Some 10,000 fans shoehorned themselves into the place, expecting to see fireworks between NASCAR and the Teamster's Union, which was trying to organize competitors with the help of famed drivers Curtis Turner and Tim Flock. As the defending 1960 Grand National champion, Rex White had been invited to attend a meeting intended to rally support for the organization the night before the race at a nearby motel.
That was one war White was not going to fight.
"I was supposed to be involved in the meeting, but I didn't go to it," White said. "Tim Flock almost got me suckered into that thing. I was the previous year's champion, and they wanted me involved in it. I almost signed this paper that they had, where you'd sign up and belong to the club so they could fight [NASCAR Founder Bill] France [Sr.], but I didn't go."
None of them -- the Teamsters Union, Turner or Flock -- showed up at the track, but there were fireworks still. Jim Paschal sat on the pole with a speed of 80.43 mph, but on the very first lap, Johnson made his way into the lead and kept it. The rest of the day became not so much a competitive race as it was a battle for survival. Tires chewed the devil out of the racing surface, sending chunks of asphalt rocketing indiscriminately into other cars and even the grandstands.

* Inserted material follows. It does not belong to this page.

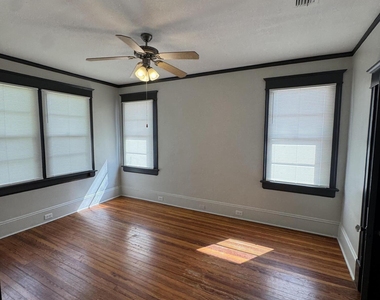 2512 College Street - Photo Thumbnail 12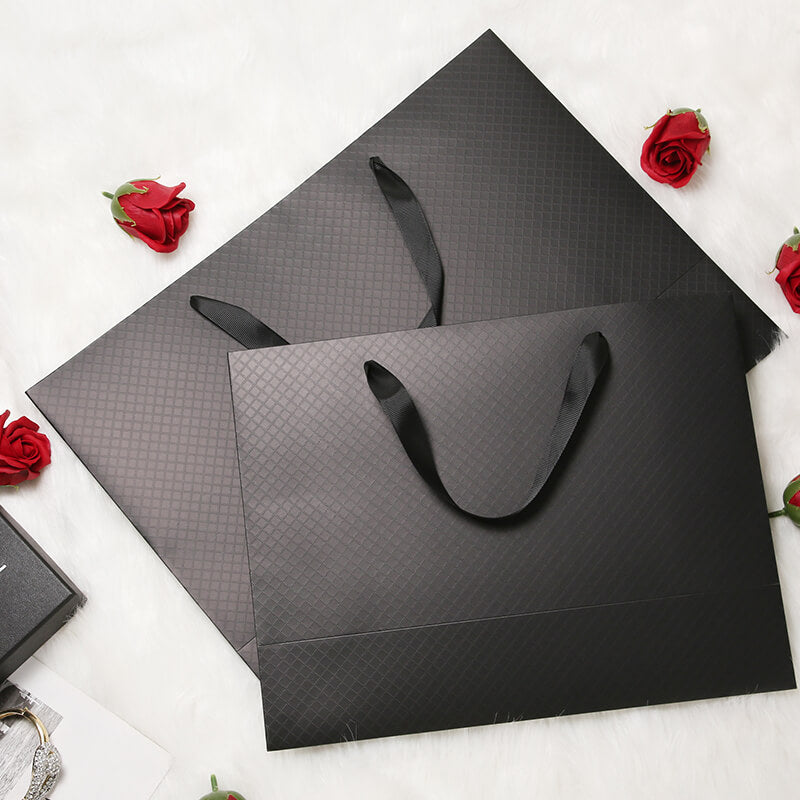 Wholesale 5 Colors 13x5x10 Inches Gift Bags with Handles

Higgins covered the first race of his long and distinguished motorsports career at the track in 1957. Having grown up in Burnsville, N.C., just 20 miles or so away, he had family in the area and attended the race with his new bride, Caroline.
They sat together in the grandstands, braving the vicious heat. "It was hot as hell," he would later remember. Right in front of them was a beautiful young woman that Higgins had grown up with, Louetta Randolph.
"The asphalt was flying over the fence and into the grandstand," Higgins said. "Louetta got hit in the temple with a piece of asphalt the size of a softball. It knocked her out, and they took her to the hospital in Asheville. She was OK, but concern for the fans as well as the drivers led them to make this decision to stop it just a little bit beyond halfway."
Fifty years later, Johnson sits in a shop on his Hamptonville, N.C., farm and holds both hands up. They're about as far apart as his entire head, to describe the hole that got knocked in his windshield that day.
"I had a hole right in front of my face, where a chunk of asphalt had come up," Johnson said. "I was driving, leaning all the way away from that hole, because I was afraid a rock or something would come through there and knock my head off. It knocked the durndest hole in that windshield, right in front of my face."
"The track conditions were horrible," Ned Jarrett said. "It was not a raceable race track. You couldn't be concerned about racing anybody. You just had to try to survive it. That was a chore, because small pieces of the asphalt would come up. You had no traction. It was not a good situation."